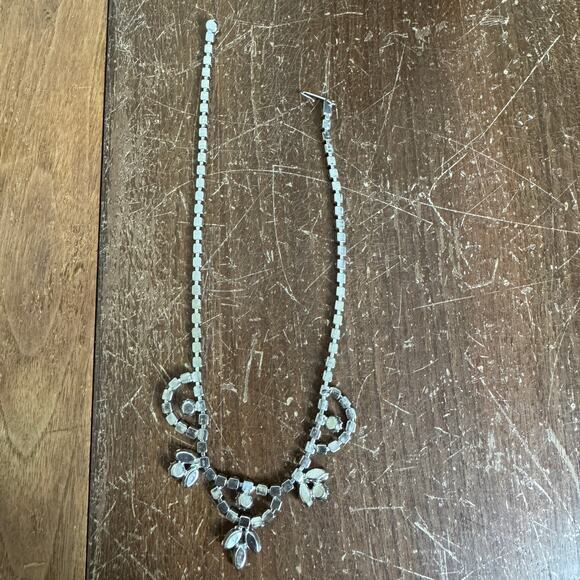 Vintage MCM Retro clear rhinestone faux diamond formal necklace hook closure - Picture 3 of 4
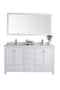 Laviva - Wilson 60" White Double Sink Bathroom Vanity with White Carrara Marble Countertop | 313ANG-60W-WC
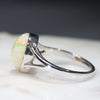 Natural Australian Boulder Opal 18k White Gold Ring - Ring Size 7 Code -GR02006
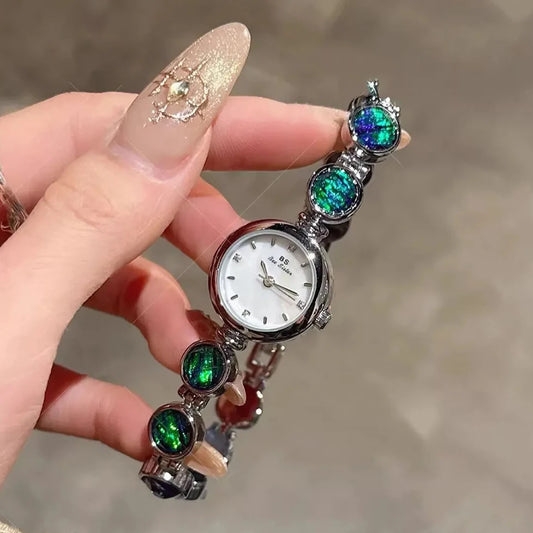 Luckacco Luxury Women's Watches Green Jade Bracelet Small Dial Elegant Women Wristwatch Top Brand High Quality Quartz Ladies Watch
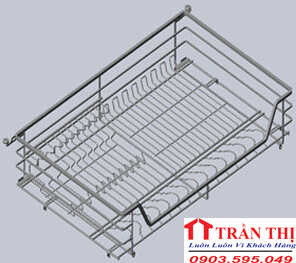 Giá xoong nồi bát đĩa đa năng inox 304 mờ nan vuông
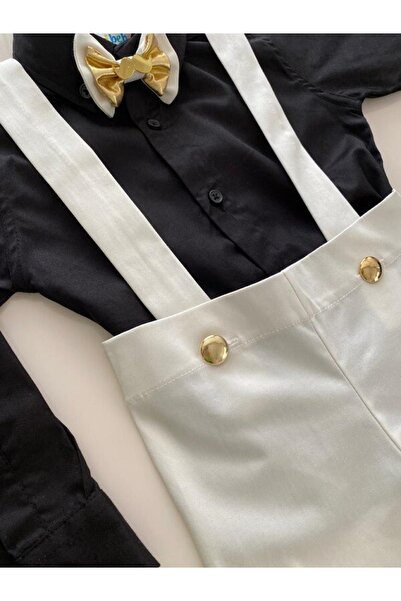 tubibebe Shirt Excluded.gold Cream Salopet Bow Tie Set (SALOPET AND BOW TIE - SHIRT EXCLUDED.)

============================================================

## YOUR GOAL:
Nothing but the lines from the one containing "Natural Australian Boulder" through the end of the entries is to be retyped, exactly as written and without pictures.

## EXERCISE RESULT:
 Natural Australian Boulder Opal 18k White Gold Ring - Ring Size 7 Code -GR02006
 Luckacco Luxury Women's Watches Green Jade Bracelet Small Dial Elegant Women Wristwatch Top Brand High Quality Quartz Ladies Watch
 Giá xoong nồi bát đĩa đa năng inox 304 mờ nan vuông
 tubibebe Shirt Excluded.gold Cream Salopet Bow Tie Set (SALOPET AND BOW TIE - SHIRT EXCLUDED.)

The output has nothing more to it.